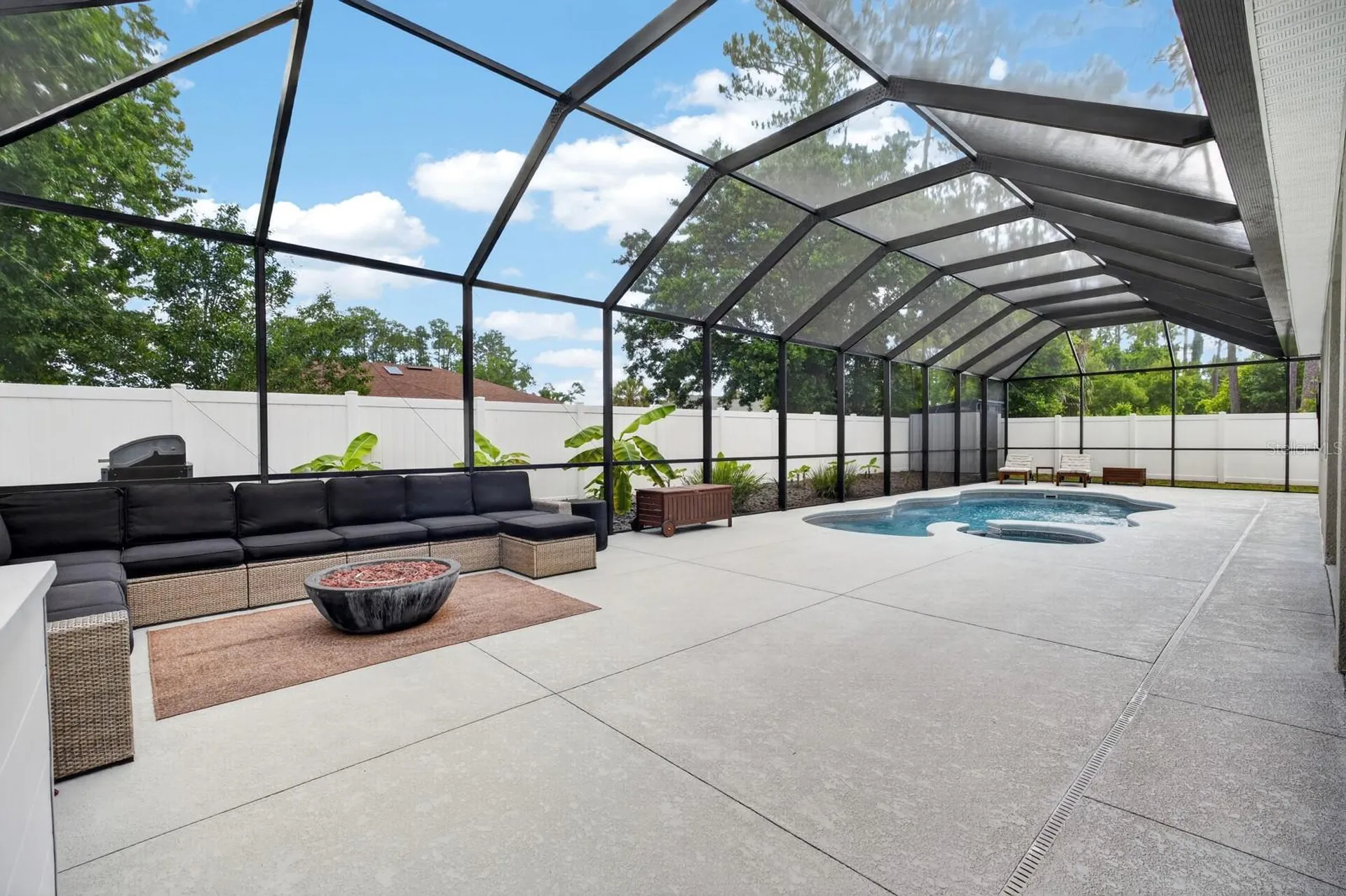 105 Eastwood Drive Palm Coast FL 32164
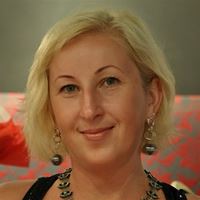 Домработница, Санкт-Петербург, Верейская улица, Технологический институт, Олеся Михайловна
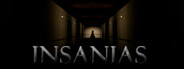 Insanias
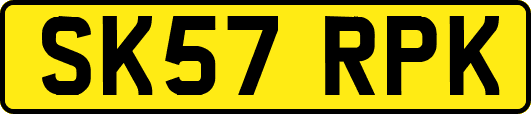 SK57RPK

* * *

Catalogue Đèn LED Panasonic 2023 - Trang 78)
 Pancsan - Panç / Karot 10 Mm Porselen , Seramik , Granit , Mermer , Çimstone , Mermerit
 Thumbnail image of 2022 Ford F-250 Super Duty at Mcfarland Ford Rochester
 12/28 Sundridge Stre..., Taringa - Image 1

◆ **Exercise brief**:
What you return must be the lines above that run from the line with "Catalogue Đèn LED Panasonic 2023 - Trang 78)" to the line with "12/28 Sundridge Stre..., Taringa - Image 1", inclusive, each copied exactly.

◆ **Result of the exercise**:
Catalogue Đèn LED Panasonic 2023 - Trang 78)
 Pancsan - Panç / Karot 10 Mm Porselen , Seramik , Granit , Mermer , Çimstone , Mermerit
 Thumbnail image of 2022 Ford F-250 Super Duty at Mcfarland Ford Rochester
 12/28 Sundridge Stre..., Taringa - Image 1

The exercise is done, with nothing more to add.